Because if you’re a liberal Democrat, you’ve got some friends on the list.

While the initial increase that would be permitted if SB 16-185 passes is smaller than the increase House Bill 15-1390 would have authorized, lenders would be able to continually increase loan sizes subject to 36% APR because the cap number would be indexed to inflation. As a result, the effective interest rate for loans greater than $1,000 would continue to increase as inflation increases, trapping greater numbers of Coloradans in the cycle of debt.

Spurred by these incidents, Colorado Ethics Watch investigated lobbying spending and campaign contributions by the major proponents of House Bill 15-1390, Springleaf Finance and Independent Bankers of Colorado, along with other organizations known to be involved in subprime lending from their participation in lobbying on the 2010 payday lending reforms. These lenders and their associated PACs spent more than $730,000 on lobbying from fiscal year 2012 through 2015…

The big sum spent on lobbying is what funded the efforts of Democratic-friendly lobbyists like former Deputy House Communications Director Megan Dubray–who were key to successfully rushing the 2015 bill through the Democratic-controlled House without the scrutiny it deserved. Studies by the Center for Responsible Lending and others have identified a deliberate strategy of courting Democratic support for predatory lending bills, under the pretense of providing “access to credit” for persons who wouldn’t otherwise be able to get a loan.

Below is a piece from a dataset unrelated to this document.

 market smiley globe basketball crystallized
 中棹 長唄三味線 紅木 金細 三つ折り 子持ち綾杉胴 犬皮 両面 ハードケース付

And be assured, Colorado’s strict campaign finance limits have not cut off the direct flow of campaign cash to lawmakers–just spread it out a little:

In addition to lobbying, subprime and payday lenders gave $126,925.01 in contributions to various candidates and committees between 2012 and 2015. For example, industry participants and associated groups such as political action committees gave $32,526.32 in contributions to legislators in the 2016 Colorado General Assembly. Even though political contribution amounts were not large due to Colorado’s strict campaign contribution limits, they were widely distributed among members of the 2016 legislature. More than two-thirds of the 2016 legislature, including 37 Democrats and 31 Republicans, [Pols emphasis] received contributions from industry participants or their associated PACs…

Here are the top 12 recipients of predatory lender cash in the Colorado General Assembly, listed with their vote on House Bill 15-1390:

loansharkdonations

The underlying point here is that Republicans can be fully expected to receive support from predatory lenders, and to reciprocate freely with votes that support the industry’s legislative agenda. But in Colorado’s divided legislature, support of at least some Democrats is necessary to pass anything. Consequently of the top six recipients of predatory lending cash on this list, four are Democrats. The top recipient just so happens to have been a Democratic “no” vote on last year’s bill.

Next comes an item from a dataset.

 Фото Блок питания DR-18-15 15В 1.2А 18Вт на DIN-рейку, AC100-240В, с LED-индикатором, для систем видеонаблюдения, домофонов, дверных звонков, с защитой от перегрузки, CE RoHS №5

It’s important to recognize that nothing we’re describing here is out of the ordinary for an industry seeking favorable treatment in the legislature. Lobbyists with good relationships with lawmakers work their connections. People and companies make perfectly legal donations. Lawmakers vote on stuff. There’s no conspiracy.

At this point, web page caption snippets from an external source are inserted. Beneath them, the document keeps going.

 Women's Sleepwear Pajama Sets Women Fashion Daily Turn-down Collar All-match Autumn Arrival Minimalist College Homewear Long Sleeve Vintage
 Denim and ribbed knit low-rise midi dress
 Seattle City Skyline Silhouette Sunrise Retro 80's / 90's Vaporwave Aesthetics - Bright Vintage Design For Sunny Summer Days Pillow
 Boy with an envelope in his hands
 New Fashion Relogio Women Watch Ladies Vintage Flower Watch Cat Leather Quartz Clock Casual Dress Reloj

The problem is that, while legally operating, these lenders are objectively bad actors. Their products do not help people, they hurt them by strapping them with unaffordable and often inescapable debtby design. The extreme and in many cases hidden costs of borrowing money from predatory lenders is a moral as well as an economic problem, and the decision to regulate interest rates and keep loan terms fair is a moral judgment also made with the demonstrable best economic interests of consumers in mind.

So yes, there’s a lot at stake. And legislators–especially self-professed progressive Democratic legislators–who side with these loan sharks over their constituents should pay their own price.